:: Task ::
Take the line that contains "Takvim modern vektör illüstrasyonu" and each line after it to the end of the material below, and return them exactly, minus the pictures.

:: Excerpted records ::
== Segment start ==

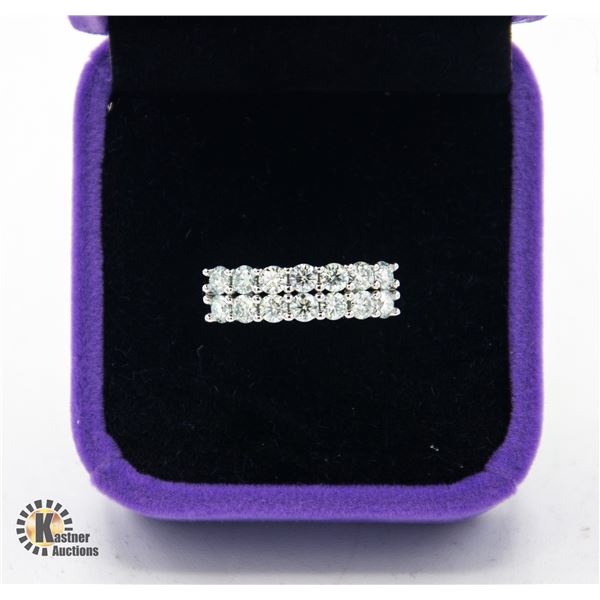 #84-1.00 CT TW WITH 18 ROUND BRILLIANT CUT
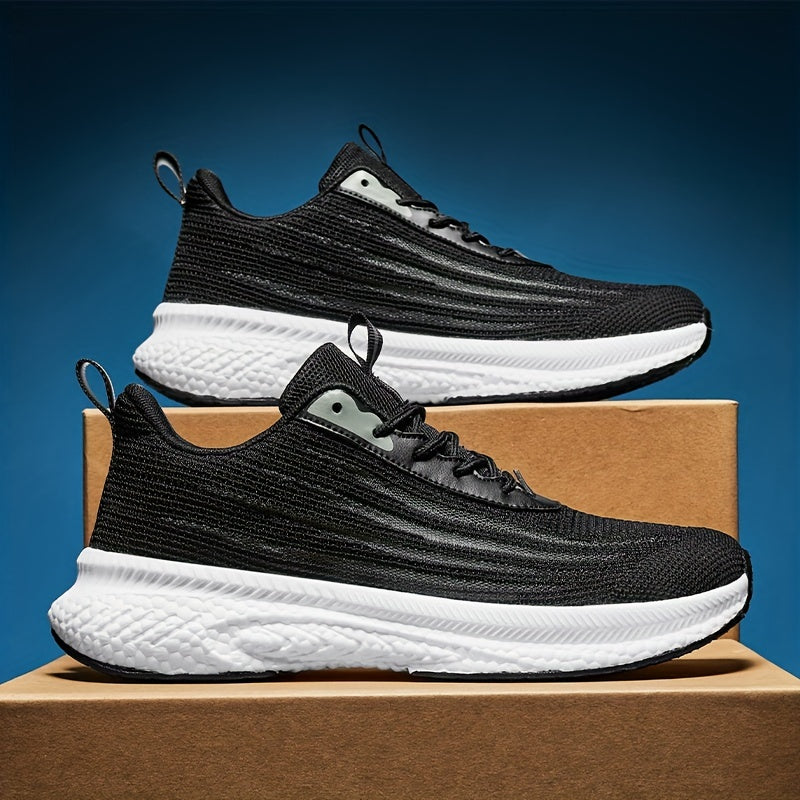 Men's Lace Up Sneakers Breathable Casual Walking Shoes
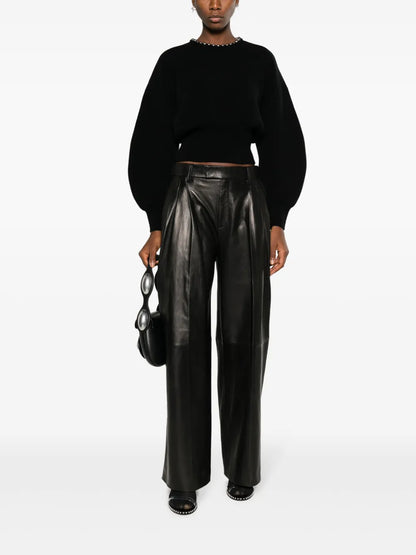 Ball Chain Embellished Jumper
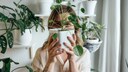 Woman with Houseplant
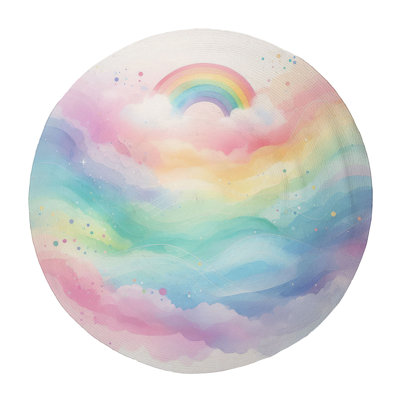 Tapis tressé Spectrum Waves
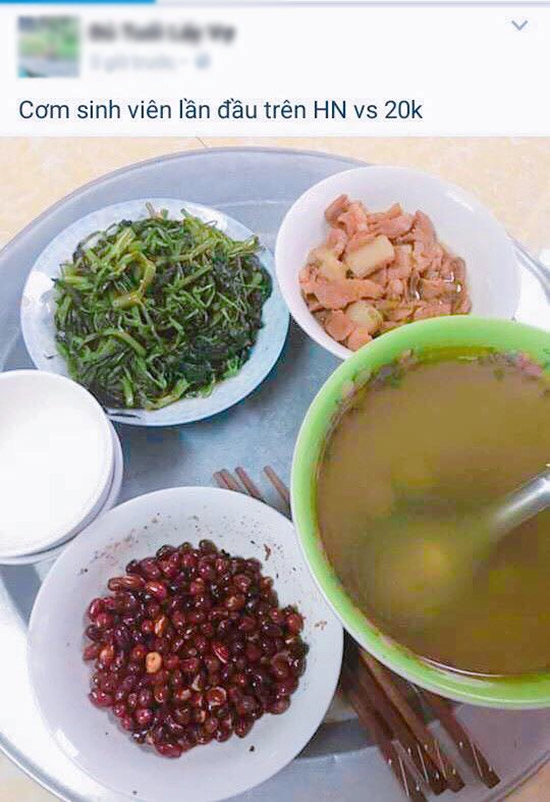 Cươi ra nươc măt vơi mâm cơm 20 nghìn của sinh viên ngày đầu lên nhập học - 2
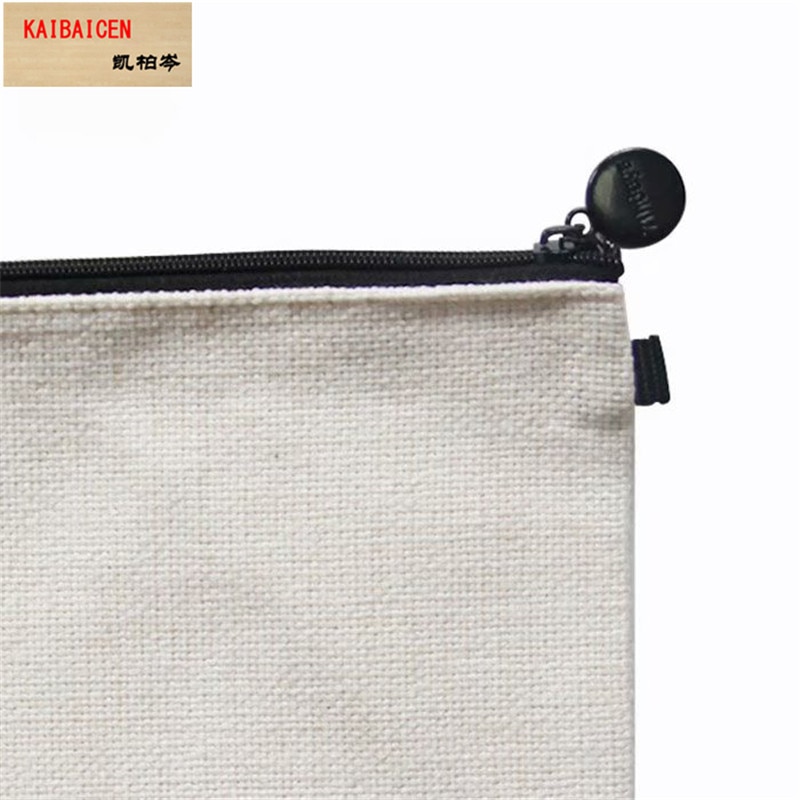 10pcs/lot Blank Sublimation linen Makeup Cosmetic Bag For Sublimation INK Print DIY Heat Press Transfer 23*16CM Pencil case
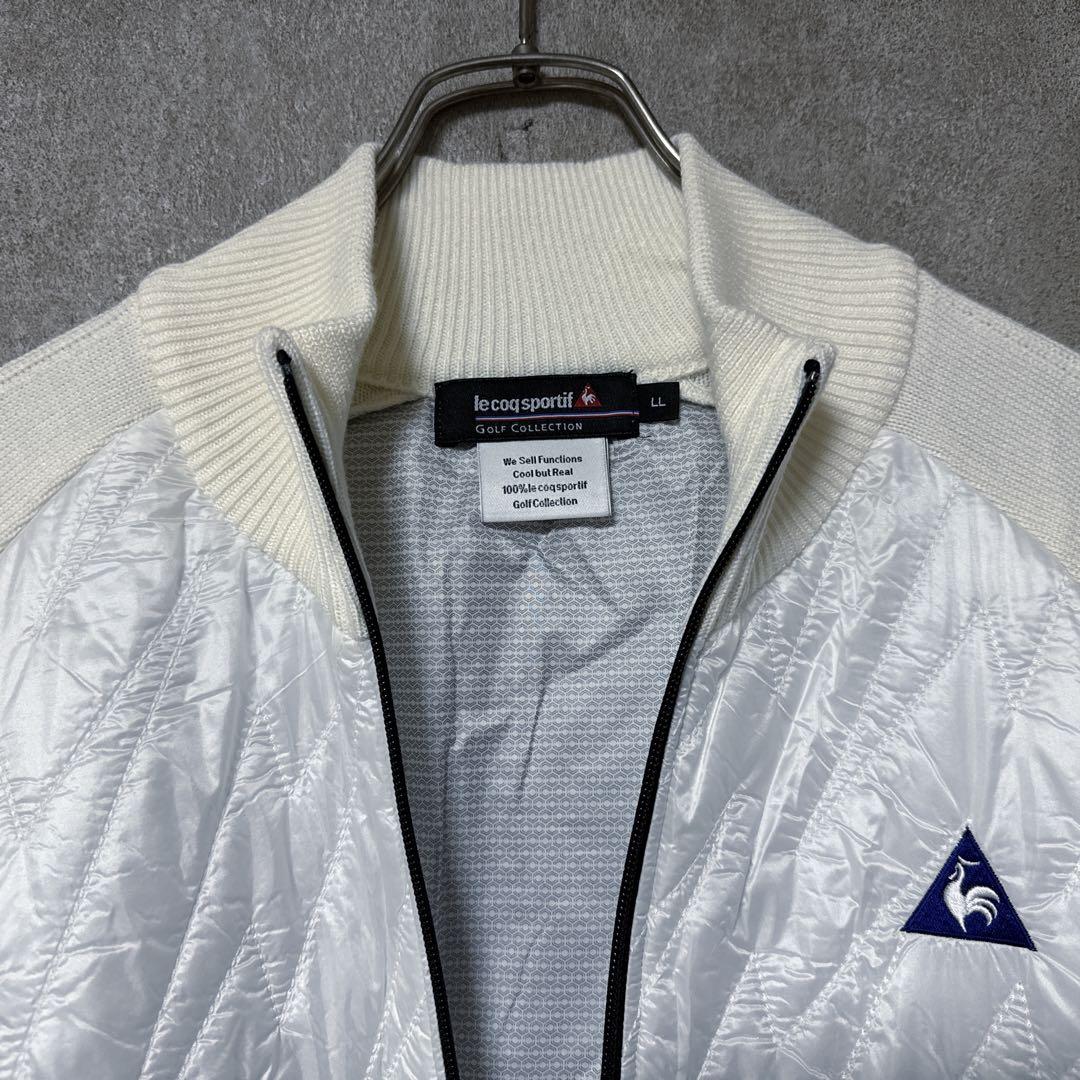 le coq sportif golf ルコック 中綿 切り替え ジャケット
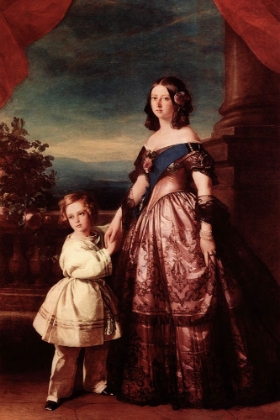 Picture of VICTORIA WITH ALBERT, PRINCE OF WALES, HER HEIR 1846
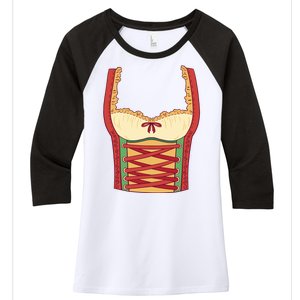 Oktoberfest Woman Costume Women's Tri-Blend 3/4-Sleeve Raglan Shirt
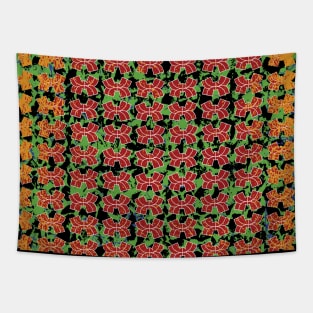 colorful geometric rectangular patterns Tapestry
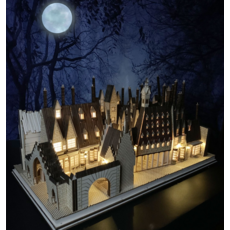 해리포터 호그와트 성 diy 미니어처 하우스 모형 조립, 성 모델, 1개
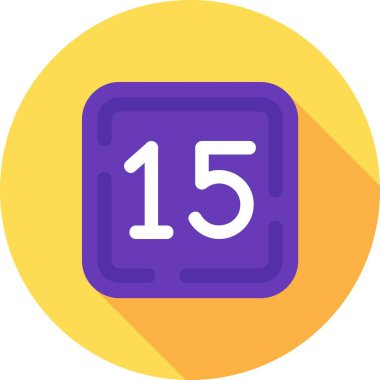 Takvim modern vektör illüstrasyonu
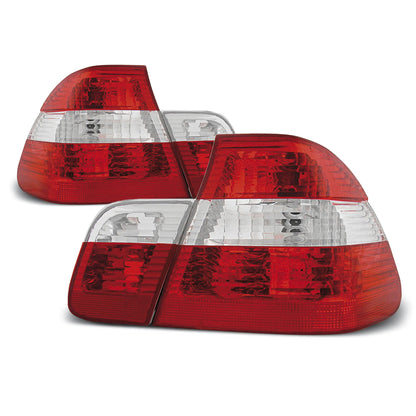 Rücklichter Rot Weiß passend für BMW E46 05.98-08.01 Limousine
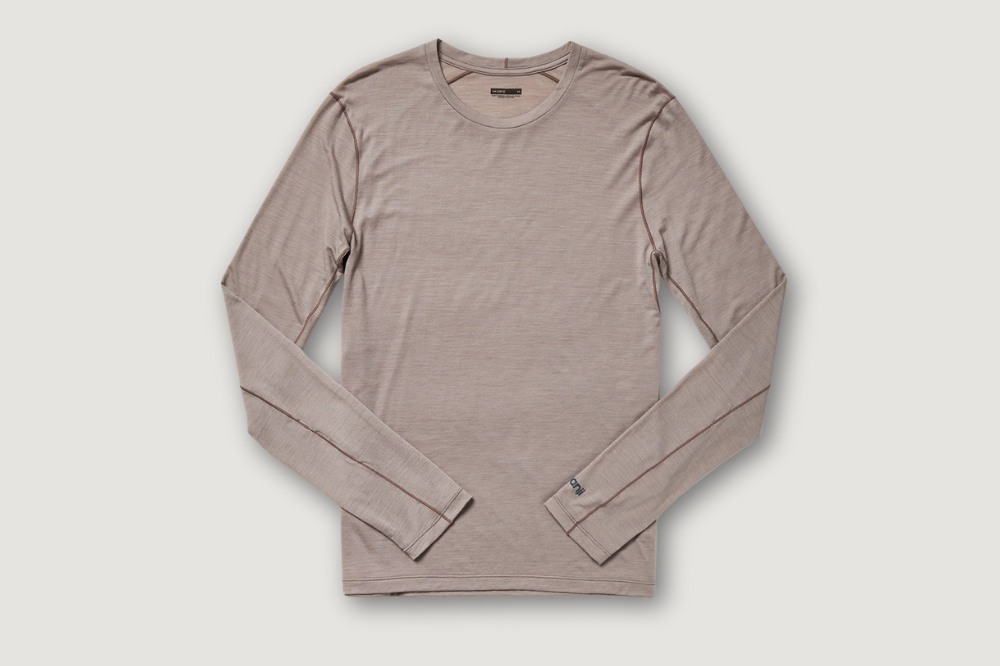 best long sleeve running shirt - Repeat Merino Long Sleeve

== Segment end ==

:: Solution to the problem ::
 Takvim modern vektör illüstrasyonu
 Rücklichter Rot Weiß passend für BMW E46 05.98-08.01 Limousine
 best long sleeve running shirt - Repeat Merino Long Sleeve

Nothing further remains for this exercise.